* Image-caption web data
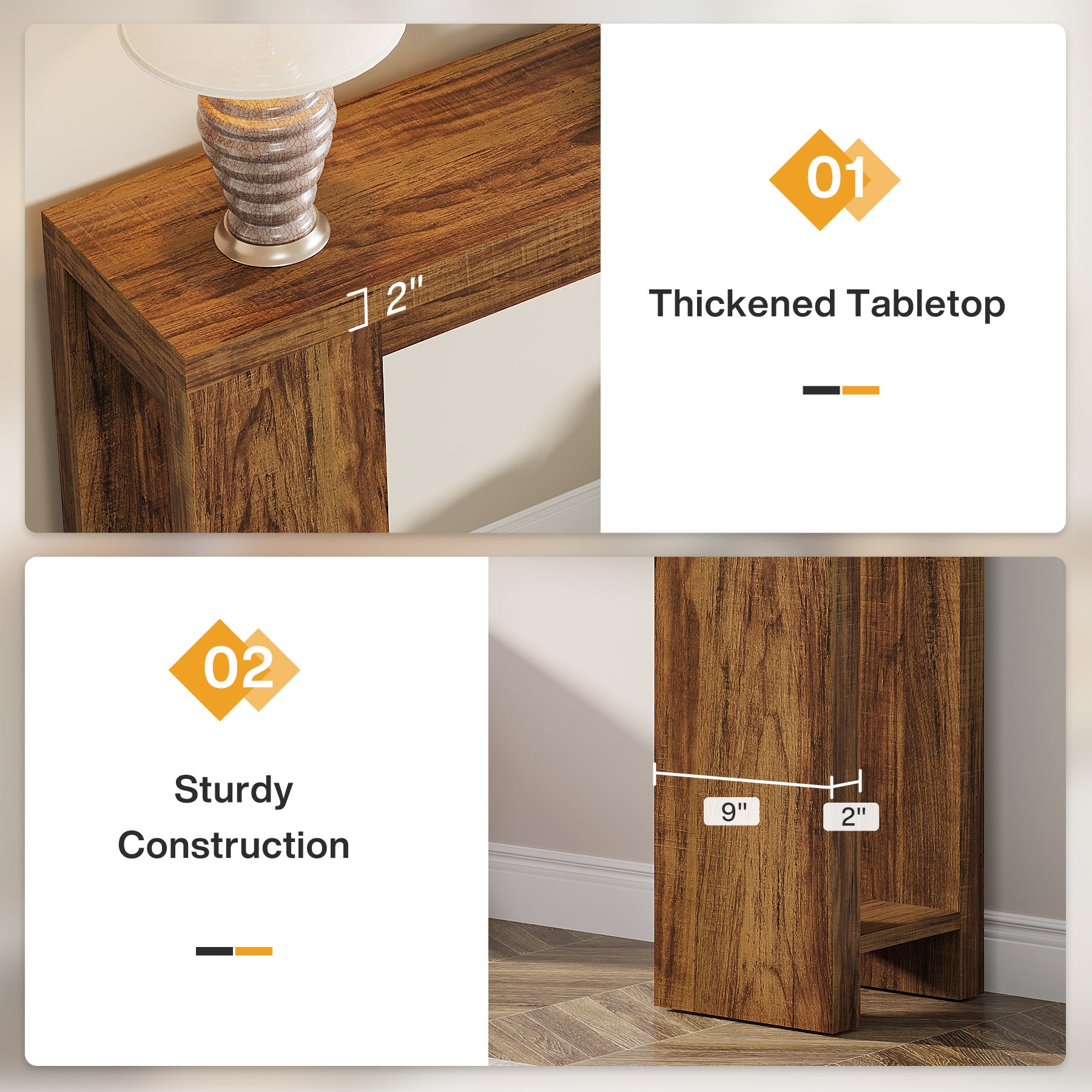 Tribesigns 70.9" Extra Long Console Table, Farmhouse Narrow Sofa Table for Entryway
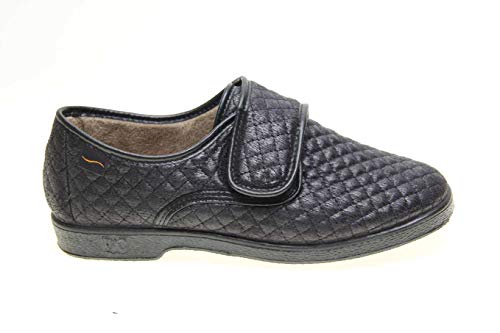 Zapatilla Velcro Mujer Tipo Zapato Doctor Cutillas en Negro Talla 39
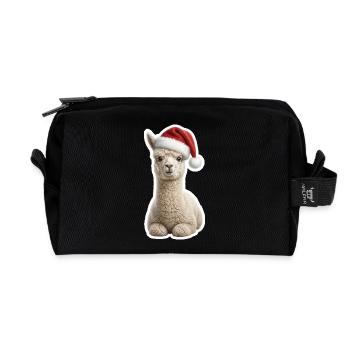 Fluffy alpaca in Christmas look - Recycled Toiletry Zip Bag - black - Front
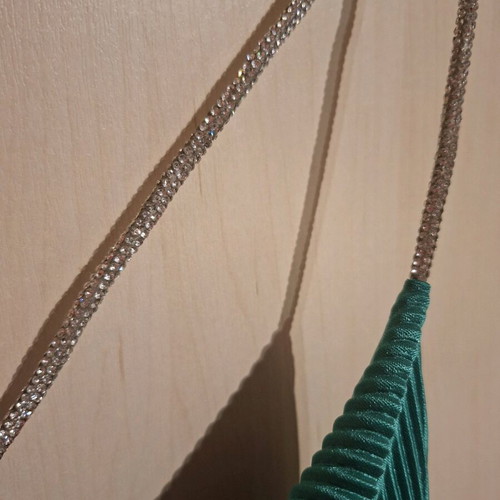 Draped green top with rhinestone straps new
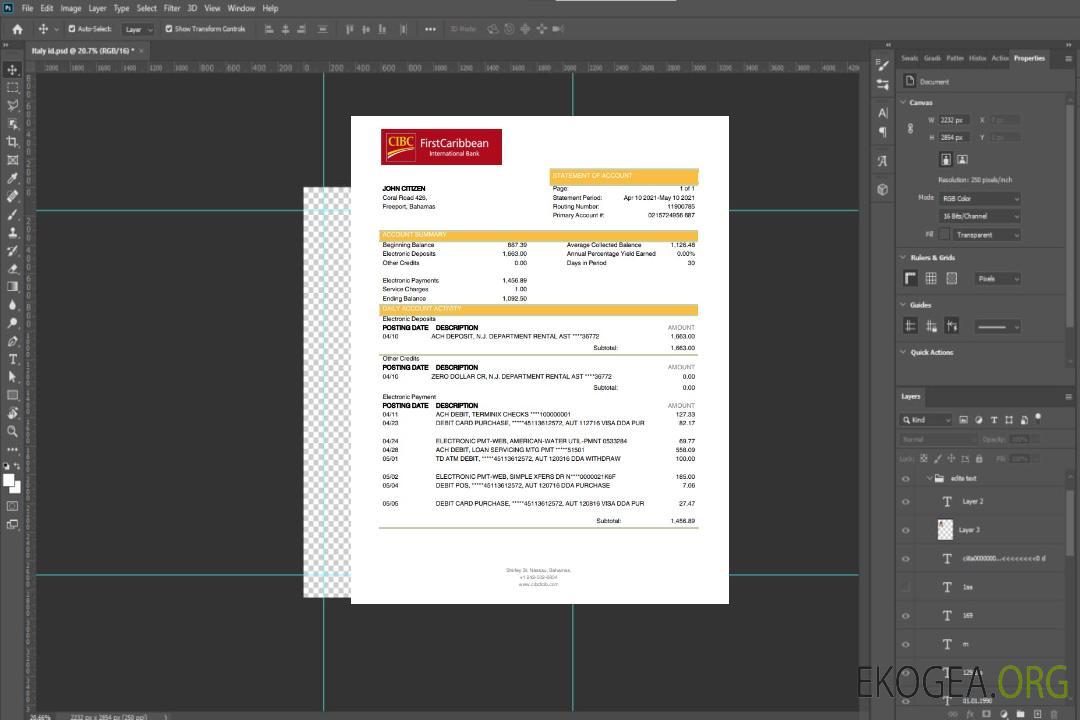 Relevé bancaire de la FirstCaribbean International Bank des Bahamas template Relevé bancaire de la FirstCaribbean International Bank des Bahamas template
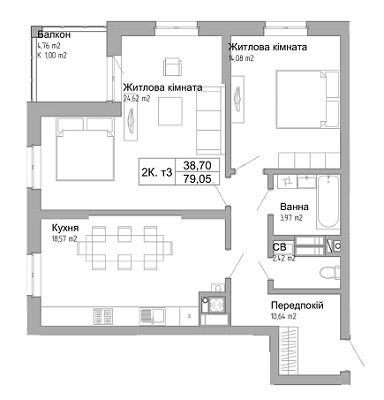 2-комнатная 79.05 м² в ЖК Пионерский квартал от 16 250 грн/м², г. Вишневое
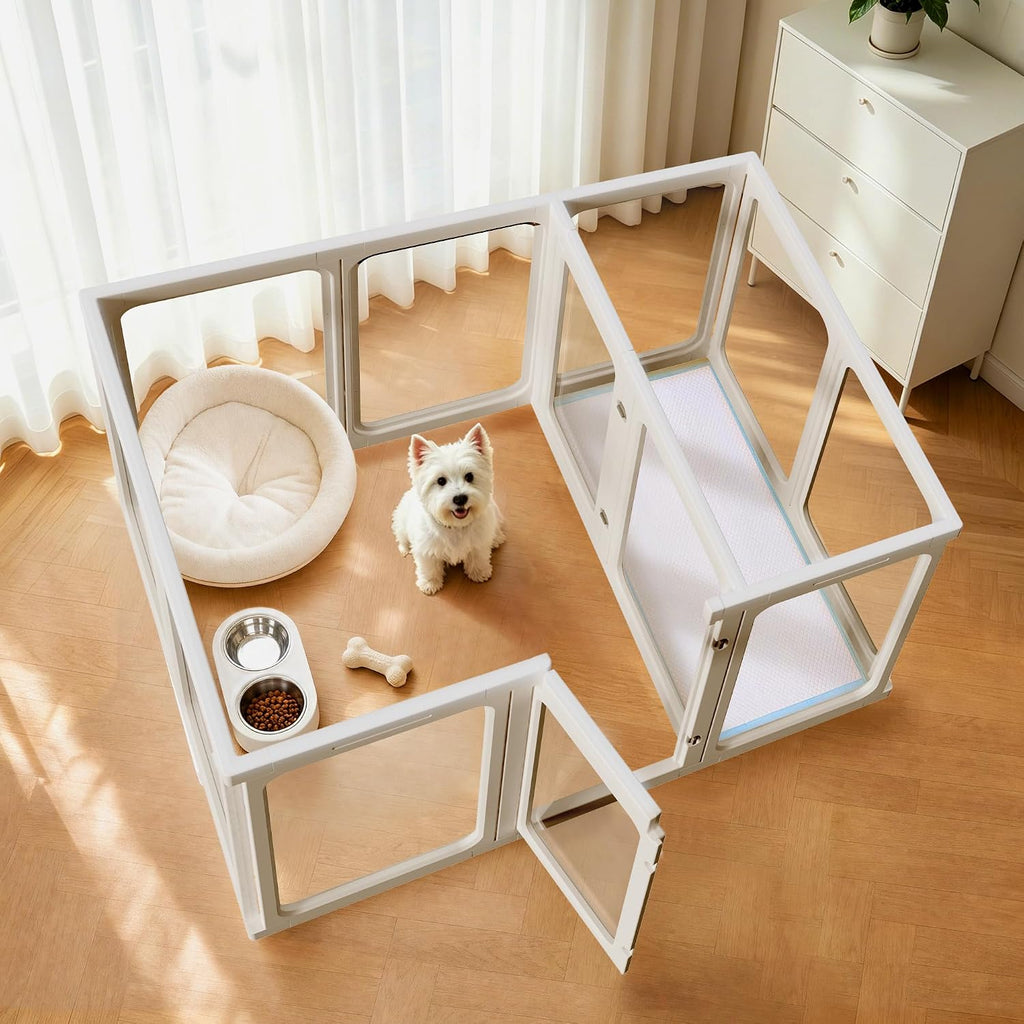 jalove acrylic indoor dog playpen for small and, side view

* ASSIGNMENT
Copy out exactly the lines between the line containing "Zapatilla Velcro Mujer" and the end of the entries, including both, and leave the pictures behind.

* TASK SOLUTION
 Zapatilla Velcro Mujer Tipo Zapato Doctor Cutillas en Negro Talla 39
 Fluffy alpaca in Christmas look - Recycled Toiletry Zip Bag - black - Front
 Draped green top with rhinestone straps new
 Relevé bancaire de la FirstCaribbean International Bank des Bahamas template Relevé bancaire de la FirstCaribbean International Bank des Bahamas template
 2-комнатная 79.05 м² в ЖК Пионерский квартал от 16 250 грн/м², г. Вишневое
 jalove acrylic indoor dog playpen for small and, side view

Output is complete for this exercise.